TASK TO CARRY OUT: Among the entries below, only the lines starting at the one with "You might not" and ending at the one with "I labeled mine: water/TV", both included, are to be printed exactly.

BEGIN ENTRIES PROVIDED

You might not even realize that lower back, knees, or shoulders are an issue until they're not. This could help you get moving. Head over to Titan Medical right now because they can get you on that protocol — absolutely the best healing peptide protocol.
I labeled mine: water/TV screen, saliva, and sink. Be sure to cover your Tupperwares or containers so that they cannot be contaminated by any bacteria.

END ENTRIES PROVIDED
BEGIN ENTRIES PROVIDED

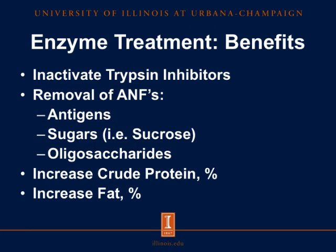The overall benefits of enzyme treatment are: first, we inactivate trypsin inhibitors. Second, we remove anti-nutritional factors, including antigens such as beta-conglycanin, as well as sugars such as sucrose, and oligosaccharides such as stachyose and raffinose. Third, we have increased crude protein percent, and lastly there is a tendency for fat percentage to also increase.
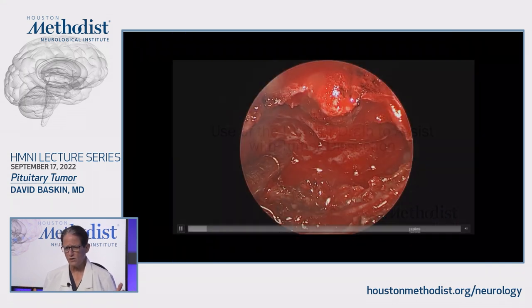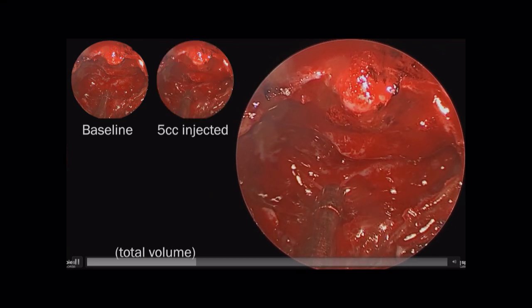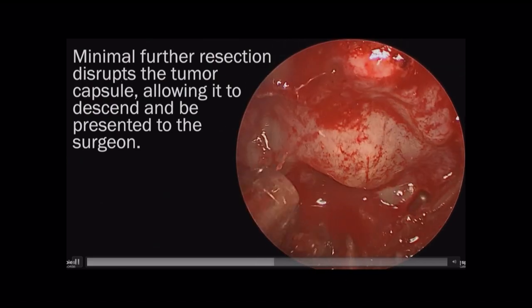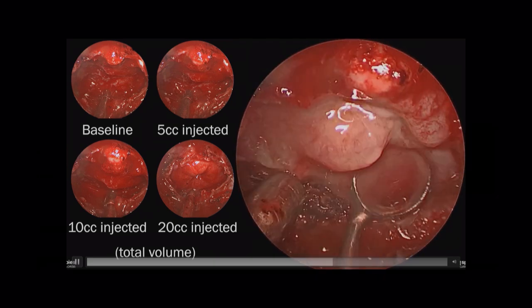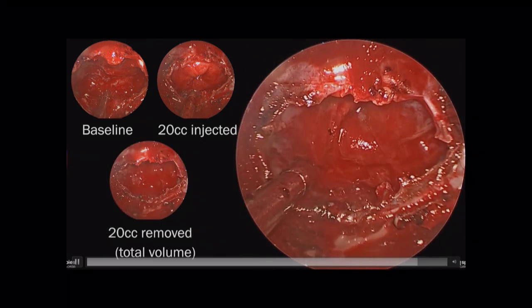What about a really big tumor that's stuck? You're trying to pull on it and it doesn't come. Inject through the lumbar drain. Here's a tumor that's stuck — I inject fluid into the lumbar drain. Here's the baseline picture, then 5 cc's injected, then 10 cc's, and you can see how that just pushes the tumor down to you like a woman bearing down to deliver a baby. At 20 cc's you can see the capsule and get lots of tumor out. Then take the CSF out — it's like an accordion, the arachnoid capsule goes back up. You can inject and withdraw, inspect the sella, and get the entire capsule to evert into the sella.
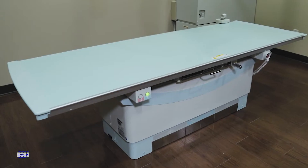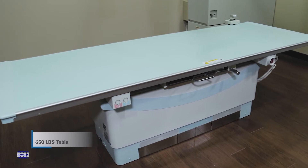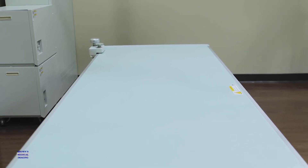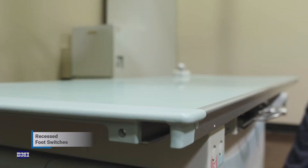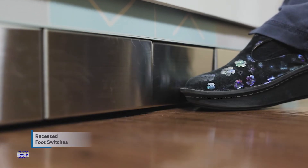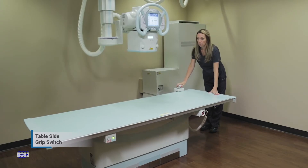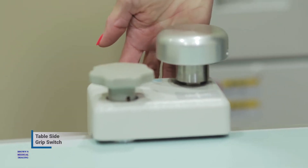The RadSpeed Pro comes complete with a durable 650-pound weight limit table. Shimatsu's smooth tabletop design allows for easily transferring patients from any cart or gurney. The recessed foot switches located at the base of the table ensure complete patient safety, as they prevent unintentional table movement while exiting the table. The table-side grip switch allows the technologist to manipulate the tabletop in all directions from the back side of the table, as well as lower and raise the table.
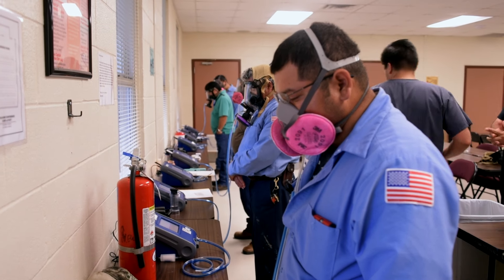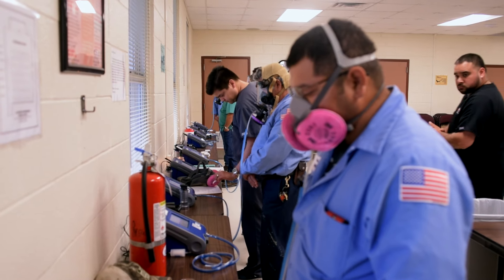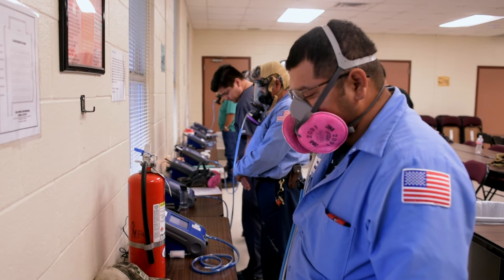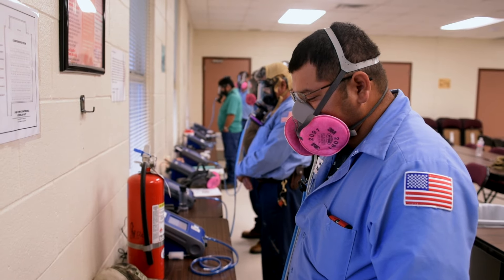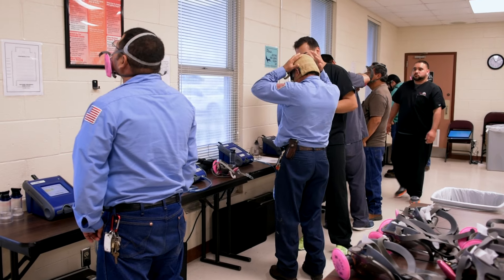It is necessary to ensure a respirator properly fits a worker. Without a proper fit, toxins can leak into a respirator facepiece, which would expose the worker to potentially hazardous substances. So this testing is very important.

END ENTRIES PROVIDED

REPLY:
You might not even realize that lower back, knees, or shoulders are an issue until they're not. This could help you get moving. Head over to Titan Medical right now because they can get you on that protocol — absolutely the best healing peptide protocol.
I labeled mine: water/TV screen, saliva, and sink. Be sure to cover your Tupperwares or containers so that they cannot be contaminated by any bacteria.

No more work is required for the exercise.